Trust the predictions only on inputs that resemble the training data, and read the importance chart as a description of model usage, not a causal claim.
:::{.callout-tip}
## Back to the host
Friday's prototype: ship the forest. It beats your hand-engineered linear model with no manual feature crosses, and it handles missing rooms, boroughs, and review counts without imputation choices that bias the answer. Set up drift monitoring on the inputs — a forest cannot extrapolate to new neighborhoods or new price regimes. And don't present the importance chart as causal: it tells the host *what the model used*, not *what raises a price*.
:::
## Key takeaways
- **Decision trees find splits automatically — no manual feature engineering.** The model examines every feature and every threshold, choosing greedy axis-aligned splits that minimize prediction error. The same algorithm — swap squared error for Gini impurity — handles classification.
- **A single deep tree overfits.** With no depth limit, a tree memorizes the training data: training R² climbs toward 1.0 while test R² collapses.
- **Cross-validation picks the depth.** The same 5-fold CV recipe used for polynomial degree and lasso $\alpha$ — sweep candidate values, score each, take the best — selects tree depth too.
- **Random forests average overfit trees, and the average is stable.** Bagging plus feature subsampling decorrelates the trees, so averaging them reduces variance without raising bias. Adding more trees rarely hurts — no U-curve in `n_estimators`.
- **Trees vs. linear models is a geometry choice.** Linear models excel on smooth, monotone effects; trees excel on corners, thresholds, and interactions. Forests beat hand-crafted linear models on prediction, but pay for it in interpretability — and the feature importance chart is *descriptive*, not causal.
## Study guide
### Key ideas
- **Decision tree** — recursively partitions feature space by greedy if/then splits; predicts mean outcome (regression) or majority class (classification) per leaf.

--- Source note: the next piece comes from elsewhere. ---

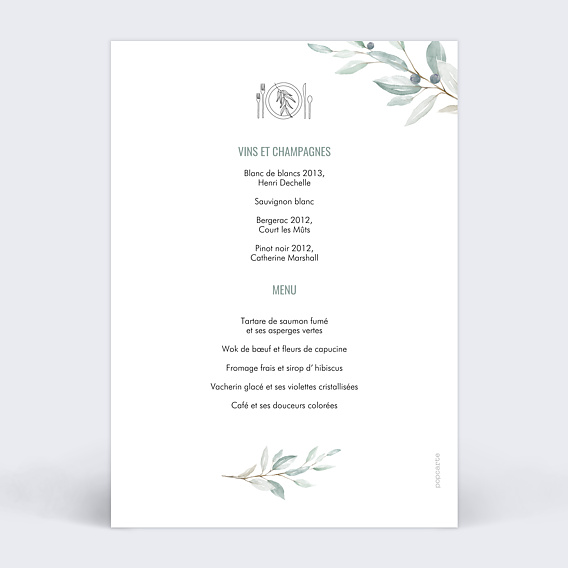 Menu mariage Couronne d’Oliviers Verso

- **Gini impurity** — classification splitting criterion $1 - \sum_k \hat p_k^2$ (binary: $2\hat p(1-\hat p)$); replaces squared error when the target is categorical.
- **Bagging** — train many models on bootstrap samples, average. Reduces variance without raising bias.

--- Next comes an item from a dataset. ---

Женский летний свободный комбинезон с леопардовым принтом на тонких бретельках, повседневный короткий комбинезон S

- **Feature subsampling** — restrict each split to a random subset of features. Decorrelates trees so averaging works harder.
- **Random forest** — bagged trees with feature subsampling. In expectation, more trees improves or matches performance — no U-curve in `n_estimators`.
- **Ensembles** — bagging (parallel, variance reduction) vs. boosting (sequential, bias reduction; Chapter 17).
- **Feature importance (MDI)** — mean decrease in impurity per feature, averaged across trees. Biased toward high-cardinality features; permutation importance is more robust.
- **Missing data in trees** — handled natively via learned routing (XGBoost, LightGBM, recent sklearn) or surrogate splits (CART).
- **Trees vs. logistic regression** — logistic gives interpretable coefficients; trees capture nonlinearities and interactions without feature engineering. Forests trade interpretability for strong default performance.
### Computational tools
- `DecisionTreeRegressor(max_depth=4).fit(X, y)` / `DecisionTreeClassifier(max_depth=5).fit(X, y)` — fits a tree with controlled depth.
- `RandomForestRegressor(n_estimators=100).fit(X, y)` / `RandomForestClassifier(...)` — fits a forest.
- `plot_tree(tree, feature_names=..., filled=True)` / `export_text(tree, ...)` — visualize/print tree rules.
- `rf.feature_importances_` — MDI scores.
- `confusion_matrix`, `roc_curve`, `roc_auc_score` — classifier evaluation (Chapter 7).
- `train_test_split(X, y, test_size=0.3)` and `cross_val_score(model, X, y, cv=5)` — for honest evaluation and depth selection.
### For the quiz
You are responsible for: how a decision tree splits, why deep trees overfit, how bagging and feature subsampling combine to form a random forest, why more trees rarely hurts, feature importance interpretation, how trees handle missing data, cross-validation for tree depth, Gini impurity, and the tradeoffs between trees and logistic regression.